The relegated sides have already been decided: Werder Bremen II, Carl Zeiss Jena and Rot-Weiß Oberhausen will be bidding farewell to the professional leagues unless any other professional sides run into severe financial difficulties – candidates include Hansa Rostock and SV Babelsberg. Watch this space: Oberhausen and Jena are level on points and third-bottom may get a reprieve after the season has finished.

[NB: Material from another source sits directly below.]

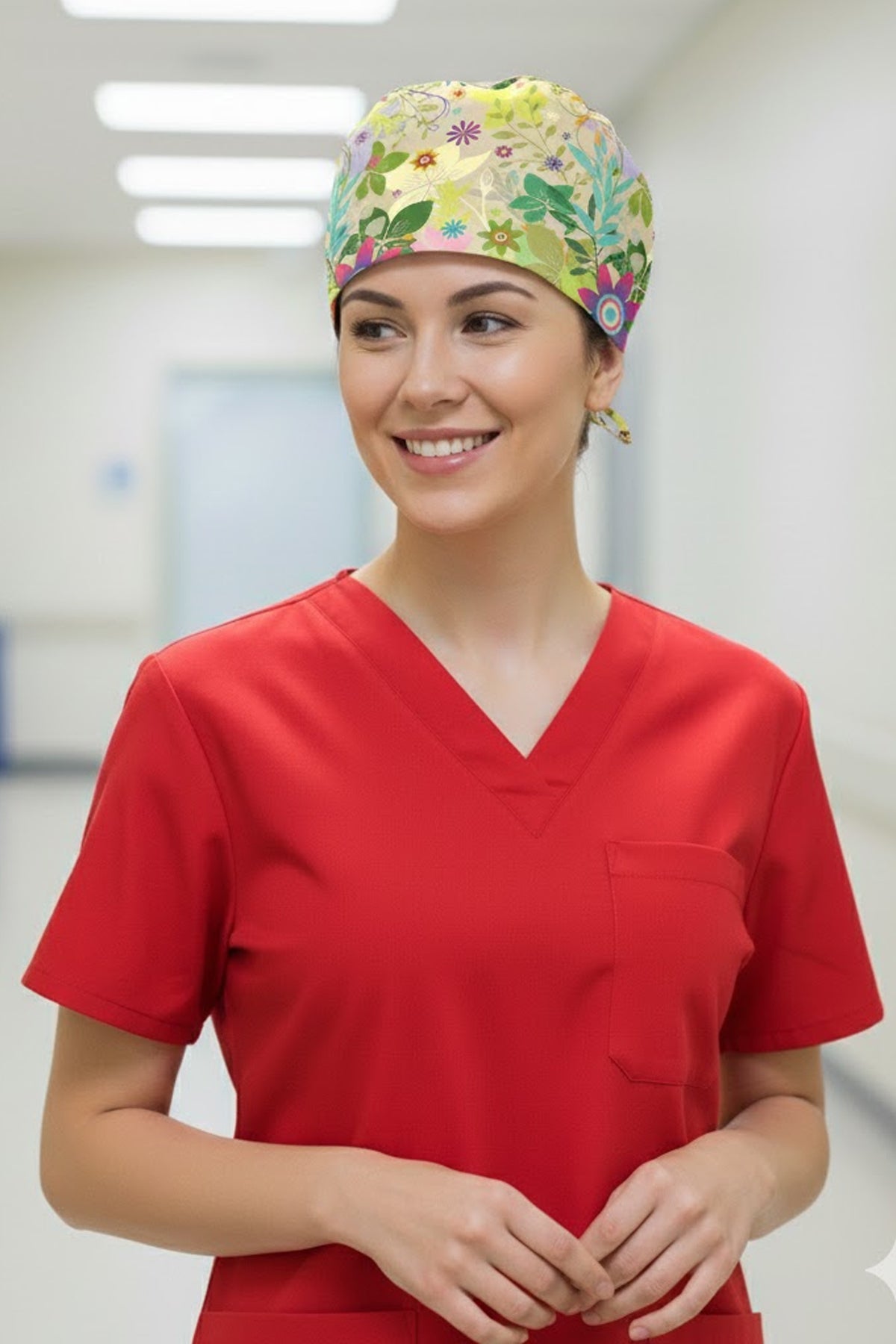 Kelebekler Desenli Cerrahi Bone Unisex – Likralı Doktor Hemşire Bonesi - Soft Çiçekler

In the Regionalligas, the race is on to secure the last ever direct promotion to Liga 3 before they are reorganised into 5 divisions with a playoff to decide the three promotion spots. In the Regionalliga West, Sportfreunde Lotte and Borussia Dortmund II are in the running for the title, with BVB’s reserve side trailing by 2 points with a game in hand. Former German champions Rot-Weiß Essen and one-time 2. Bundesliga mainstays Fortuna Köln are both on course for safe mid-table finishes after their respective promotions last season, perhaps signalling better times around the corner. In the Regionalliga Süd, the blue side of Stuttgart, Stuttgarter Kickers, are one victory away from a return to the 3. Liga after a three-year absence.
Meanwhile, the promotion battle in the Regionalliga Nord is perhaps the most exciting. Hallescher FC have defied the odds (and their budget) by sitting atop of the division ahead of cup heroes Holstein Kiel and moneybags RB Leipzig with 3 matches to go. HFC’s form has been consistently impressive, but a 0-0 draw away at Cottbus II on Friday has just left the door open a fraction for their pursuers. Earlier in the season, RB Leipzig looked to have buried their demons from last season’s (lost) promotion battle with Chemnitzer FC and were fully on course for promotion. A home loss in December against Halle turned out to be a pivotal moment. The January signing of Austrian international (in the fourth tier!) Roman Wallner bore fruit immediately: he bagged a hat-trick on his debut in an 8-2 thumping of Wilhelmshaven. However, has only scored three times since. Recent defeats in Hamburg against HSV II, at home to ZFC Meuselwitz and, most importantly of all, away at promotion challengers Holstein Kiel looked to have sunk RB Leipzig’s chances once and for all. Halle are at home to St Pauli II, then go to Meuselwitz before welcoming (sic) RB Leipzig on the final day of the season. Their four-point lead looks to be unassailable and two victories in the upcoming, completely winnable matches will turn the finale at home to RBL from a promotion decider into a promotion party right in their faces of the most hated rivals.